Arno Klein, PhD and the "Mindboggle-102" team (Rich Stoner, Jason Tourville, Jay Bohland and Dr. Klein) used the Mindboggle software to win the "MNI Mashup" challenge at the Human Brain Mapping Hackathon in Seattle WA. The winners were announced on June 20, 2013.
The contest took place at the 19th Annual Meeting of the Organization for Human Brain Mapping, an international society dedicated to using imaging to discover the organization of the human brain. The meeting included the annual Human Brain Mapping Hackathon, a meeting-long competition, sponsored by the Allen Institute for Brain Science and Amazon Web Services, designed to accelerate the connection between open neuroscience and cloud computing.
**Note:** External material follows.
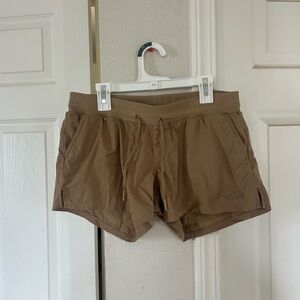 The North Face Tan Athletic Shorts Lightweight Design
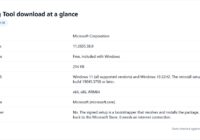 Snipping Tool version, licence, setup size and supported Windows versions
For the hackathon, sponsors provided space on the exhibit floor and access to an array of publicly accessible neuroimaging data and resources. Contestants were offered three challenges, two of which were announced prior to the meeting and a third revealed only after the meeting began. The third challenge, the MNI Mashup, which was won by Dr. Klein and his colleagues, required the development of an innovative map or aggregation of information about the human brain in the MNI 152 standard, which is a template for brain anatomy developed by the Montreal Neurological Institute.
The Mindboggle team won by creating a browser-based application that integrates anatomical label, shape, and gene expression data in a single human brain image.